Pour le bien de l'humanité

Chapitre 8 : Dilemmes naturels

1842 mots, Catégorie: M

Dernière mise à jour 08/09/2020 16:50

Allongé au bout du canapé, Sans surveillait d'un oeil mauvais les échanges de Papyrus et de l'humain. Son frère, excité comme jamais auparavant, racontait leur vie d'avant dans les moindres détails, ce qui rendait l'aîné nerveux. Même s'il n'avait pas de mauvaises intentions, si Papyrus révélait au hasard d'une conversation que leur père était le scientifique royal, ils couraient vers de gros problèmes. Il n'était pas bon d'être les enfants de quelqu'un d'important dans cette fin de guerre. Proies trop facile. Ils devaient se méfier davantage. Mais comment convaincre son cadet d'en faire de même ? Il n'avait jamais été si heureux depuis le début de leur voyage et son coeur lui hurlait de lui laisser ce moment d'innocence qui ne se représenterait pas de sitôt. 
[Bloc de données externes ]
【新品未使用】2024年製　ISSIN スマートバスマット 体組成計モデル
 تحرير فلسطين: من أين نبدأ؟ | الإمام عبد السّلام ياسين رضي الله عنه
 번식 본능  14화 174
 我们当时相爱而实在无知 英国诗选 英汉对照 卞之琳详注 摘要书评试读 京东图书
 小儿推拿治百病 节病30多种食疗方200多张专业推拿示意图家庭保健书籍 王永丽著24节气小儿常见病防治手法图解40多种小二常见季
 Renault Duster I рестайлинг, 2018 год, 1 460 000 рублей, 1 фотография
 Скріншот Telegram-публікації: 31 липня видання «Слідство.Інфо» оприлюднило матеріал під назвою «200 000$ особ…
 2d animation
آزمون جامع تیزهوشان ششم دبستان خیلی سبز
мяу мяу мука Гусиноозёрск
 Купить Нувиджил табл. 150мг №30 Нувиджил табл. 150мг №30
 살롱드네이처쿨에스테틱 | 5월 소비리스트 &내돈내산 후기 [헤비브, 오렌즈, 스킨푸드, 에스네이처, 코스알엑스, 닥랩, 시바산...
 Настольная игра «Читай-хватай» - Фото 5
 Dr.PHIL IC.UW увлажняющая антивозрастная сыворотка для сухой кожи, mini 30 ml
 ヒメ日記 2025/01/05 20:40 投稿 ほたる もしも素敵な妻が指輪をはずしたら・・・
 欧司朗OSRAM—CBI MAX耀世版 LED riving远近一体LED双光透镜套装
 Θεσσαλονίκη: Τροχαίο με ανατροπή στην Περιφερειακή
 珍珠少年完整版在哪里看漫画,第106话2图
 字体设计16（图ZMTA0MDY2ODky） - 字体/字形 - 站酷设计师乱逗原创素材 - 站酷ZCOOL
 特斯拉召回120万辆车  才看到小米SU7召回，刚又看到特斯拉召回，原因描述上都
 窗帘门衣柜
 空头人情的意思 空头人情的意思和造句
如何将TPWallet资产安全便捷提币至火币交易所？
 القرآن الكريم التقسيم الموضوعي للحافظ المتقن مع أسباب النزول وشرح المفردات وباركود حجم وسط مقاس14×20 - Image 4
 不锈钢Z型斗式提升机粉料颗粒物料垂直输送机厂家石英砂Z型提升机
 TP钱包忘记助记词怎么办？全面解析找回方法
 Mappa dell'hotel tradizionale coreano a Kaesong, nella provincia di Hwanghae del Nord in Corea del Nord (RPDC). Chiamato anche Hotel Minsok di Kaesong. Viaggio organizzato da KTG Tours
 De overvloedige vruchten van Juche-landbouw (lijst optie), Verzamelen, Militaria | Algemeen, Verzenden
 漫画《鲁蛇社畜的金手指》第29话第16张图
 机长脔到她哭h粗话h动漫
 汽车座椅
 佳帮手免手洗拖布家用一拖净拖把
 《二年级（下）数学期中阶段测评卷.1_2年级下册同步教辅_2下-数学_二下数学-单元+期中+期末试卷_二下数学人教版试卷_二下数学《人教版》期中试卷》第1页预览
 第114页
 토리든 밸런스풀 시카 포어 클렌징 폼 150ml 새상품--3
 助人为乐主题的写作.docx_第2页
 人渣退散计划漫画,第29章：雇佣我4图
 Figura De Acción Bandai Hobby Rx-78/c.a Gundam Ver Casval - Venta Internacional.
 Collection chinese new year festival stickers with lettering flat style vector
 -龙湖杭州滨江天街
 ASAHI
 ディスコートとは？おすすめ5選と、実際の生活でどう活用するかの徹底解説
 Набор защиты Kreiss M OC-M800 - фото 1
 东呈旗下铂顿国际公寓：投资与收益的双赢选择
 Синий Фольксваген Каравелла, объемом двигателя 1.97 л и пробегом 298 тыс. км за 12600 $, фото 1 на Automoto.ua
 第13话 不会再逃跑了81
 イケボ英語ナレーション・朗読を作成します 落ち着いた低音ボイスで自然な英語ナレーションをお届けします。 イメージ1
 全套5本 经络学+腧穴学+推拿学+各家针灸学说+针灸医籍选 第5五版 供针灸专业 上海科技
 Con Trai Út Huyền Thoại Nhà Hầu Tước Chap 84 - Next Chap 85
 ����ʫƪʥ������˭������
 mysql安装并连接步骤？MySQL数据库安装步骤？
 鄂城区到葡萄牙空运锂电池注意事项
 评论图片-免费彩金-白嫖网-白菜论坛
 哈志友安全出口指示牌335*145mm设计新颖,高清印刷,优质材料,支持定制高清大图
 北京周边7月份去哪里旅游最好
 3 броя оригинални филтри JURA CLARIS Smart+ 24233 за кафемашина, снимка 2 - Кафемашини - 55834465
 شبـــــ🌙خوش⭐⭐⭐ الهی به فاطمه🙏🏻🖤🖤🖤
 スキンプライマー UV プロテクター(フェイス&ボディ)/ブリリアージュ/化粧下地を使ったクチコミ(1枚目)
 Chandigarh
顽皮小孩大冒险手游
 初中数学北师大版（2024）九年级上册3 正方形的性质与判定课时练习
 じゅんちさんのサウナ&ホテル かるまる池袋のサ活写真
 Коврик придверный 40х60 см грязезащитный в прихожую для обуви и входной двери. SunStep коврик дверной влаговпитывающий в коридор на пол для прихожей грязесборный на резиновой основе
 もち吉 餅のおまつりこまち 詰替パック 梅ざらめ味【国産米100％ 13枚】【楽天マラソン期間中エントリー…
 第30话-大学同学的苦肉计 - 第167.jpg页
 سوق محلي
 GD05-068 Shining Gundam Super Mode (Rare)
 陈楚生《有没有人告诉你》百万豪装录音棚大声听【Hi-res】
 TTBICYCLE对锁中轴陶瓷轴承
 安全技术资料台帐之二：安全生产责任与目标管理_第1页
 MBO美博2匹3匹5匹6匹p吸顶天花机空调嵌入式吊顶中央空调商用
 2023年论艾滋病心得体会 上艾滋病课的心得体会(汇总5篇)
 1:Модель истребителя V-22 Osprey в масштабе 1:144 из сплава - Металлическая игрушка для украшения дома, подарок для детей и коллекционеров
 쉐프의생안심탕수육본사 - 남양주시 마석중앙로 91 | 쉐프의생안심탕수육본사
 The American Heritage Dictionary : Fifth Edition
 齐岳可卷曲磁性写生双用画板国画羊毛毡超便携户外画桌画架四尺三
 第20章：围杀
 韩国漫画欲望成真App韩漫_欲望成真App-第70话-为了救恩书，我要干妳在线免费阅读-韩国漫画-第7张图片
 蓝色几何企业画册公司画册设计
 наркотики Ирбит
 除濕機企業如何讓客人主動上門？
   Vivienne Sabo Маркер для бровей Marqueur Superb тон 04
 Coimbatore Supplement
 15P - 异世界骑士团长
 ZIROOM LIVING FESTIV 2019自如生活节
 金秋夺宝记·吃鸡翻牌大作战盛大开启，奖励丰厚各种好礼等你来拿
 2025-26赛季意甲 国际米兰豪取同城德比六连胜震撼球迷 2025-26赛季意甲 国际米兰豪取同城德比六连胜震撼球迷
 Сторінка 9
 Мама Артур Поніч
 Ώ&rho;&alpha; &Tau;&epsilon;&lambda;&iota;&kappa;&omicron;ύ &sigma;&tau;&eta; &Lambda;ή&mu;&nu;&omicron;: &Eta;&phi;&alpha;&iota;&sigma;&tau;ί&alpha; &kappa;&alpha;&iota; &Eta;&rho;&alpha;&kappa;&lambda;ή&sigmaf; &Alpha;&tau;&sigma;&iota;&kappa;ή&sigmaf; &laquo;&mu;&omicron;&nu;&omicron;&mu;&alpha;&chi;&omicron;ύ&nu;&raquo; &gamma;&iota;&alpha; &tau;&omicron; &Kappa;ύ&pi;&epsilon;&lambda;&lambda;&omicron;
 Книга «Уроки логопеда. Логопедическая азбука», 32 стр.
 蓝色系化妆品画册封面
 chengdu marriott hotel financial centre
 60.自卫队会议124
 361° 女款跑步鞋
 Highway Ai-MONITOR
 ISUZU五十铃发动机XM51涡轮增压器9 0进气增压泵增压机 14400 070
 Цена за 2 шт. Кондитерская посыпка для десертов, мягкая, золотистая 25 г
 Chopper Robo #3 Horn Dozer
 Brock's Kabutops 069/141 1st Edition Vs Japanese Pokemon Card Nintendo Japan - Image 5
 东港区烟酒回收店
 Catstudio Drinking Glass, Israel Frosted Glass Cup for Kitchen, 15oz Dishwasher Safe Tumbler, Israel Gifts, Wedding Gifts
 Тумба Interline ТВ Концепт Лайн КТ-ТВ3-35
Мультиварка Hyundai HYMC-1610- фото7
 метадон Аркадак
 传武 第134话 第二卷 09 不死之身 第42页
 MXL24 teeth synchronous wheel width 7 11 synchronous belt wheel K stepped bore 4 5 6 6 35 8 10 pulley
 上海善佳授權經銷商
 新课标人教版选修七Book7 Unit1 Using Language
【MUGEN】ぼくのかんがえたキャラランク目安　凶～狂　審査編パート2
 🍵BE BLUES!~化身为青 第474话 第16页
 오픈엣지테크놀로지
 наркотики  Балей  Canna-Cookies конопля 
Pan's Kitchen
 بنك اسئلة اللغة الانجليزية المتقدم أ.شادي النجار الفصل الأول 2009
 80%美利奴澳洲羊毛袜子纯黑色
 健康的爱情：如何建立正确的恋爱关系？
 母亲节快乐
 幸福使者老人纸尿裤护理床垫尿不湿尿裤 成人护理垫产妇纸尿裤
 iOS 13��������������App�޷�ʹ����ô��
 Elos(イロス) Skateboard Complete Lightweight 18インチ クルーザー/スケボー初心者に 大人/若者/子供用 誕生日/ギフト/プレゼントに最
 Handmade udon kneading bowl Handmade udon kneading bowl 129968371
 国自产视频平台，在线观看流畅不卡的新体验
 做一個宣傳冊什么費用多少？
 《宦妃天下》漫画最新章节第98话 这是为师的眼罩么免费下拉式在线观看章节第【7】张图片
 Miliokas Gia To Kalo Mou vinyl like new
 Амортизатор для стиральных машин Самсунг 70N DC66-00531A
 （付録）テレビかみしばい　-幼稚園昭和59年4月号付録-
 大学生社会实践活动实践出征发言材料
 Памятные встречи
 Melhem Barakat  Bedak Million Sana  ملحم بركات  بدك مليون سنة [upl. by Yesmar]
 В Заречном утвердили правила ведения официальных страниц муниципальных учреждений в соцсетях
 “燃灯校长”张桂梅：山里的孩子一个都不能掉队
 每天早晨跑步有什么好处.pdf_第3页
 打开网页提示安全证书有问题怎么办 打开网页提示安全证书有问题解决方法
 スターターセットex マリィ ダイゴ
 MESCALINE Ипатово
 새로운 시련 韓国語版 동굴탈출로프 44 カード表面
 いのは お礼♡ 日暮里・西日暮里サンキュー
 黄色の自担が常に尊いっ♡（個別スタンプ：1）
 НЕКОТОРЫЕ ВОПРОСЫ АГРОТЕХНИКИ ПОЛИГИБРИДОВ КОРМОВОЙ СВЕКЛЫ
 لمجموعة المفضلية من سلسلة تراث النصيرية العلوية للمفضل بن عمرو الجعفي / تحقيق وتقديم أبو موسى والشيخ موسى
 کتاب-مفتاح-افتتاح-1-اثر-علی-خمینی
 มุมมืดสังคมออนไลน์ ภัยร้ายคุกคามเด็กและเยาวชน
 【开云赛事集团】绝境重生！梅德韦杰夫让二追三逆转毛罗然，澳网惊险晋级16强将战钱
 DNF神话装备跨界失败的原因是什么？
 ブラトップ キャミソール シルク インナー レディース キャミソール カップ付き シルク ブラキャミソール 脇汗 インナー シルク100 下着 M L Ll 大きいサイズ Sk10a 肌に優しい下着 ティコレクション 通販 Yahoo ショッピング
Undyne n'était pas aussi enthousiaste. Assise à côté de lui, elle dévisageait le nouveau venu avec méfiance. Sa présence réveillait des traumatismes qu'il comprenait parfaitement. Il n'avait pas encore trouvé le temps de discuter en tête à tête avec elle, mais elle encaissait la disparition de sa mère trop facilement pour une fillette de sept ans, et il savait que ça cachait un mal plus grand. Elle gardait sa colère en elle, mais elle risquait d'exploser tôt ou tard et les mettre en danger.


"Il va venir avec nous ? demanda la petite fille d'une voix sombre."


Papyrus et Charlie se turent immédiatement. Un grand sourire étira le visage du petit squelette.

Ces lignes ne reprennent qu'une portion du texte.